EXERCISE DATA: Begin

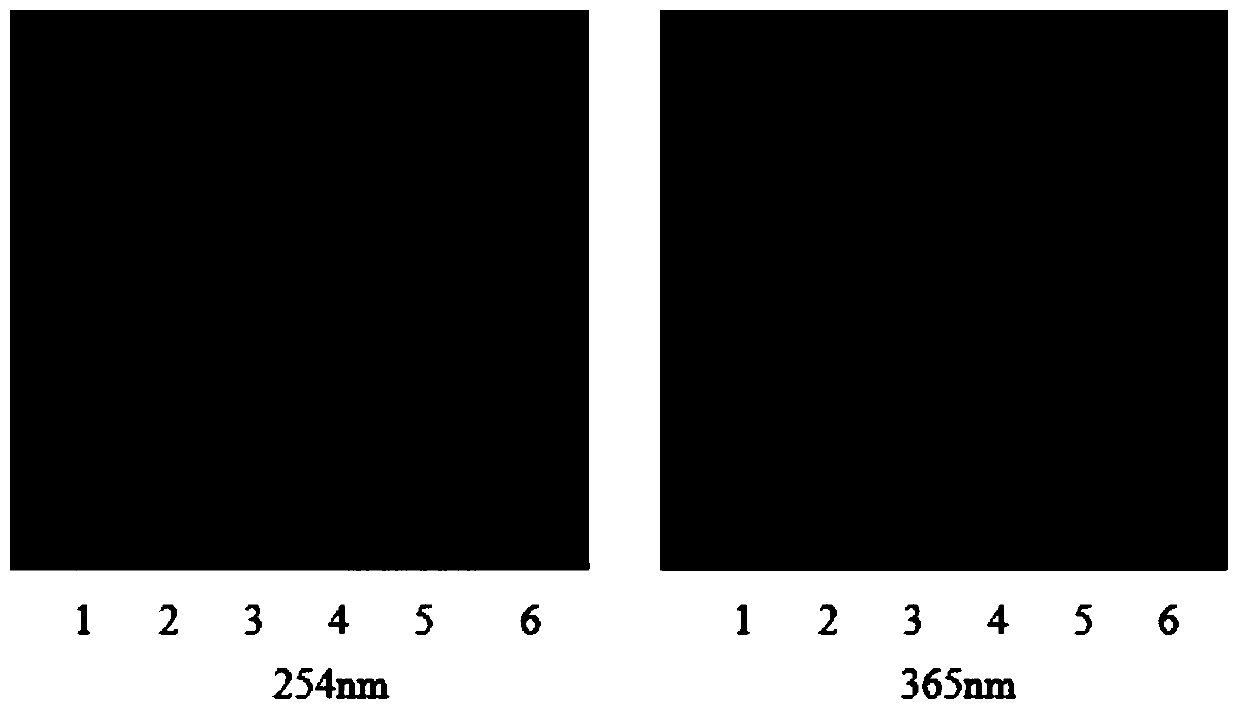 Preparation method of Polygonum chinense formula particles and quality control method thereof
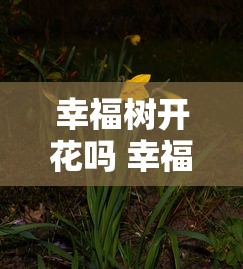 幸福树开花吗 幸福树开花什么预兆呢?  第1张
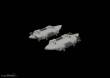 Eduard Accessories 672261 - BRU-57A rack 1/72 in 1:72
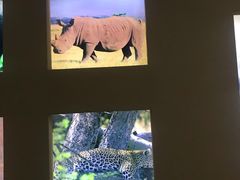 -长春世界雕塑园冰雪艺术天地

EXERCISE DATA: End

Transcribe the whole listing, character for character, but not its images.

 Preparation method of Polygonum chinense formula particles and quality control method thereof
 幸福树开花吗 幸福树开花什么预兆呢?  第1张
 Eduard Accessories 672261 - BRU-57A rack 1/72 in 1:72
 -长春世界雕塑园冰雪艺术天地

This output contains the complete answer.